On top of expected goals and simulations, we also incorporate factors like home advantage, league strength, recent form momentum, and more. This gives us a complete picture of influences on match outcome.

Exploring Advanced Stats (xG)

For leagues where advanced stats like expected goals (xG) are available, we are looking to integrate these metrics into our model in the future. xG data will allow us to further refine our team strength ratings.

By combining statistical modeling with simulation and relevant contextual factors, our methodology generates probabilistic match predictions. We're constantly tweaking and improving our model as new data comes in. Please check out Score Sensei to see our latest football (soccer) predictions and insights!

Model Performance

This page displays the model performance for the current season, focusing on European first-flight and second-tier leagues. These leagues are integral to our predictive model and help us provide accurate match predictions.

Our approach emphasizes transparency, and the calibration plot below showcases how our predicted outcomes compare to actual results.

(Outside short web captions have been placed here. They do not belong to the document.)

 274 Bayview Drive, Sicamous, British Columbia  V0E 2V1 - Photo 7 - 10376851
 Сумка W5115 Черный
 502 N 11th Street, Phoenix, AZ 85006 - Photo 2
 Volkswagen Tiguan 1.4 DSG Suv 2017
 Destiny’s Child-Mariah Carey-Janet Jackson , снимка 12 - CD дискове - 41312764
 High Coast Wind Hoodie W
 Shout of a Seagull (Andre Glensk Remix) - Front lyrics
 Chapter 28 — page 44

Each bin represents a range of predicted probabilities, and the plot illustrates how often the actual outcomes fall within these ranges.

By analyzing the calibration plot, users can gauge the reliability of our predictions and understand any potential biases or inaccuracies in the model. We continuously refine our methodology to improve accuracy and provide valuable insights to football enthusiasts.

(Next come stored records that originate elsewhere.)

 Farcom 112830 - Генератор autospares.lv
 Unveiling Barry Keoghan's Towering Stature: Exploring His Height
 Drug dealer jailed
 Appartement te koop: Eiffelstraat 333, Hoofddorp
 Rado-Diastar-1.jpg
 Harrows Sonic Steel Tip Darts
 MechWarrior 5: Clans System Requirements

European Leagues Included in the Calibration:

  • La Liga
  • Ligue 1
  • Premier League
  • Serie A
  • Primeira Liga
  • Bundesliga
  • 2. Bundesliga
  • Ligue 2
  • EFL Championship
  • Serie B
  • Segunda División
Calibration Plot

Expected Goals Model Performance Metrics

The following table summarizes the performance of different predictive models. The models have been evaluated based on Log Loss, Brier Score, and Rank Probability Score (RPS). Additionally, we have compared the standard models with their expected goals (xG) counterparts to understand the impact of xG on model performance.

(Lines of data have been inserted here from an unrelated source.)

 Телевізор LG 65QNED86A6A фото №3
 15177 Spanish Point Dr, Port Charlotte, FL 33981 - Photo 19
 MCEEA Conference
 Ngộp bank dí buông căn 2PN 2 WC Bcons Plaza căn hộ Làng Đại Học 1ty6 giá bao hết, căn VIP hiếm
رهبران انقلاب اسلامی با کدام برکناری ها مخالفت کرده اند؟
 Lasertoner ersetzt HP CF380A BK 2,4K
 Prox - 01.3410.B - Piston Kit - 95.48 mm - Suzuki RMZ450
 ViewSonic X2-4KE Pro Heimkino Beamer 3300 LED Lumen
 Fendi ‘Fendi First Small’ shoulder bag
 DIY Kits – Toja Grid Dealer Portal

Expected goals (xG) is a metric that measures the quality of a scoring chance based on several factors such as the type of assist, the angle, and the distance to the goal. Using xG metrics improves the accuracy of the model, especially for leagues with a significant history (3 or more years of xG data), as depicted in the charts and the table below:

Model Performance Metrics
Model Log Loss Brier Score Rank Probability Score
Recency 0.6167301 0.2105630 0.4350659
Recency.xg 0.5934173 0.2027280 0.4151345
Adj Goals 0.6101010 0.2084457 0.4299656
Adj Goals.xg 0.5886517 0.2006695 0.4097635
Momentum 0.6540947 0.2201641 0.4610323
Momentum.xg 0.6047770 0.2070574 0.4284204
Basic 0.5932838 0.2029726 0.4158680
Basic.xg 0.5929648 0.2028705 0.4145138
Global 0.5885199 0.2006487 0.4100453
Global.xg 0.5889827 0.2010117 0.4105521
Rated 0.5996256 0.2056399 0.4244355
Rated.xg 0.6116805 0.2060495 0.4255521
Calibration Plot

Roadmap

Improve logic for new champions league format.

Calibrate xG model to update model to version 0.4 and use it for leagues that have 3 or more years of xG data available.

Recent Changes (September 2024)

  • Updated model to v0.3 which adds more weight to the 5 most recent matches.
  • Included Belgian and Dutch leagues in the model.
  • Updated model to v0.2 due to the fact that it was incorrectly granting home status advantage to competitions that take place on neutral ground.

Recent Changes (June 2024)

  • Changed commenting system due to issues with the prior provider on mobile devices.
  • Included Belgian and Dutch leagues in the model.
  • Updated model to v0.2 due to the fact that it was incorrectly granting home status advantage to competitions that take place on neutral ground.